Past research has shown that shopping can both cause stress and help you cope with it, depending on your disposition. Likewise, there’s ample evidence that the holiday season increases both spending and psychological stress. Yet there has been little data on which personality types are most vulnerable to spending as a result of this seasonality. To answer this question, Weston and her team obtained data from a money management app that provided people with daily reports on their income and spending habits. A total of 2,133 people participated in the study, which included a personality assessment of traits such as openness to experience, conscientiousness, extraversion, agreeableness, and neuroticism. Then researchers looked at how this lined up with 2.2 million transactions during the holiday season, and found that emotionally stable individuals spent more, whereas those who scored high in neuroticism spent less over the same time period.

Still, authors are careful to note that many other factors contribute to how people use their money. Household income surely plays a role, and the study also found that people with artistic interests and active imaginations were more frugal.
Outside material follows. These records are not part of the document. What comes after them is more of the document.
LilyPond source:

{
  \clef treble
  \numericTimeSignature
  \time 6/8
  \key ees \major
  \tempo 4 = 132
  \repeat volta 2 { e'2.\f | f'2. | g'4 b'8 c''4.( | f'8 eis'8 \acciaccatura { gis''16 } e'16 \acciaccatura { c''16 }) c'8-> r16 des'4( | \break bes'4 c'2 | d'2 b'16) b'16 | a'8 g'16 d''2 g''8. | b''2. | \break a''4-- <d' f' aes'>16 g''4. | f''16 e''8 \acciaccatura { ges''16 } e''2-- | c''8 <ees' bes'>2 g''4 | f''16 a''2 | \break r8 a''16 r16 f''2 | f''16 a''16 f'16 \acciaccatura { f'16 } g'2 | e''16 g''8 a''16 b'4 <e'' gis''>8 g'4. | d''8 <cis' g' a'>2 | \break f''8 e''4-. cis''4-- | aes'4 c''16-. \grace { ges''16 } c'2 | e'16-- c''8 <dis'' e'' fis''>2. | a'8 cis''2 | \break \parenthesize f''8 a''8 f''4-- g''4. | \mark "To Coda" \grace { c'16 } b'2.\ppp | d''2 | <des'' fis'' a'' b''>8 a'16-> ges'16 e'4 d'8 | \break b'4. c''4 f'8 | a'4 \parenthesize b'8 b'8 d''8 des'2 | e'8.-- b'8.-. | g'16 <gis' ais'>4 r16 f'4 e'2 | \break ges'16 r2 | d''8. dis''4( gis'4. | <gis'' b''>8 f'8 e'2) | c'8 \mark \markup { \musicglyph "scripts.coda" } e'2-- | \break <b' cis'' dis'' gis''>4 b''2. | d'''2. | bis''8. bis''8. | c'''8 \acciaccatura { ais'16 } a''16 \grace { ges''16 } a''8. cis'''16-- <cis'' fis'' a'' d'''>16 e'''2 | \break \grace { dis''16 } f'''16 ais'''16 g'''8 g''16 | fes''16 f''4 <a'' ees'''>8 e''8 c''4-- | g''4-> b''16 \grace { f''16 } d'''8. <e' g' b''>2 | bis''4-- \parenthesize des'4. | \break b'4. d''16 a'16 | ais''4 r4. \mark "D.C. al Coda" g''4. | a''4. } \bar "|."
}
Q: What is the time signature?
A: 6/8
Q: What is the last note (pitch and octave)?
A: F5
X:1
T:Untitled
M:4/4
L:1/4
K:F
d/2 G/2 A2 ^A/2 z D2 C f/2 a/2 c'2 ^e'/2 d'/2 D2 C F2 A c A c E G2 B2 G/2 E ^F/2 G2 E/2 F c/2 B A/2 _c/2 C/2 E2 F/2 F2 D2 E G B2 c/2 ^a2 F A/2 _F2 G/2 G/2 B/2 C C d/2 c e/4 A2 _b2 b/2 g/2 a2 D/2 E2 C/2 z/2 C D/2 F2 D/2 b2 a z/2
And the take-home message is surely not that the best way to improve your credit score is to increase your anxiety and neuroticism. Ultimately, the study serves as a broader map to help scientists better understand human behavior.

“By providing objective measures of both annual and holiday spending, the data allow for a truly ecological study of the relationship between personality traits and consumer behavior,” study co-author Joe Gladstone, a professor of consumer behavior at University College London, added.